In solid tumors, depending on the stage, all the three main modalities—surgery, radiotherapy, and chemotherapy—are used in the frontline treatment. Further, hormonal therapy, targeted agents are added to the protocol in certain tumors depending on the biological characteristics and risk group. We will discuss two tumors—breast carcinoma and neuroblastoma (common childhood tumor)—as prototype for multimodality treatment plan. Fig. 3 highlights the usual treatment modalities and course for breast carcinoma and neuroblastoma. For stage II/III breast carcinoma, general course of treatment includes neoadjuvant combination chemotherapy (mainly with anthracyclines and taxanes) followed by surgery (either breast conservation or mastectomy depending on the baseline stage) and followed by radiotherapy (depending on type of surgery and baseline stage). Hormonal therapy for a duration of 5 to 10 years is added for patients with estrogen or progesterone receptor positive tumors and anti-Her 2 therapy (monoclonal antibody directed at the epidermal growth factor receptor Her 2) for Her 2 positive tumors. For a subset of very early stage, hormone receptor positive, Her 2 negative tumors, with low recurrence score by molecular tests treatment can be done by only surgery followed by hormonal therapy without the need for radio- or chemotherapy. In high-risk metastatic neuroblastoma, treatment is done with all modalities as combination chemotherapy, surgery, autologous HSCT, radiotherapy, and posttransplant maintenance treatment with differentiation agent (isotretinoin) and immune modulators (anti-GD2 antibody and interleukin-2).
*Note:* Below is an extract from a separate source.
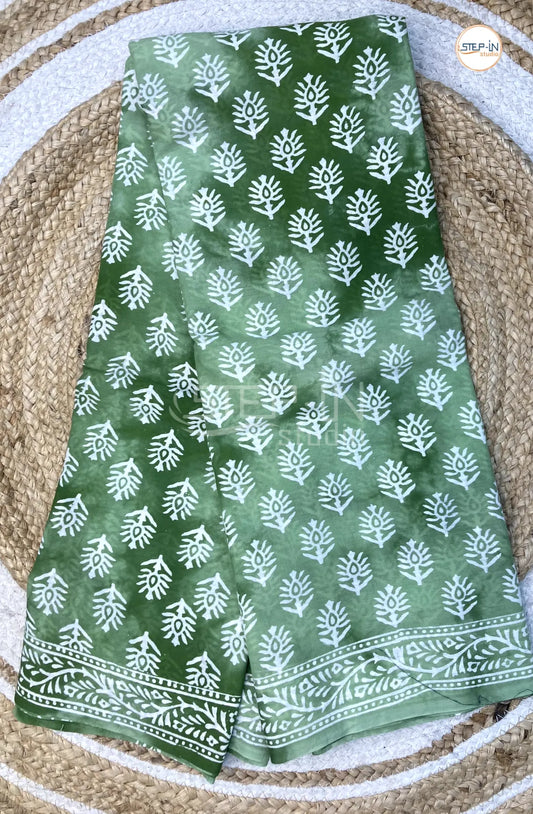 Mul Cotton Saree With Batik Printed - Light Green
Thus, majority of the malignancies require a multimodality treatment approach for curative outcomes. Treatment decisions are generally taken in a multidisciplinary tumor board consisting of surgeons, anesthetist, radiation oncologist, and medical oncology experts. Further, the multidisciplinary team should also consist of nutritionist, physiotherapist, speech therapist, palliative care physicians, infection disease expert, psychosocial counselors, and other specialists (endocrinologist, cardiologist, etc., depending on the age, cancer, and treatment type) for guiding supportive care during the course of treatment, rehabilitation posttreatment, and for monitoring and management of late side effects.

Fig. 3
Multimodality treatment approach for solid tumors, two prototype examples: (A) Breast carcinoma, depending on the clinical and pathological factors, locoregional and systemic treatment are used to different extent and combination. (B) Neuroblastoma, for high-risk patients all treatment modalities of combination chemotherapy, surgery, radiotherapy, autologous stem cell transplant, immunotherapy, and differentiation agent are used in sequence.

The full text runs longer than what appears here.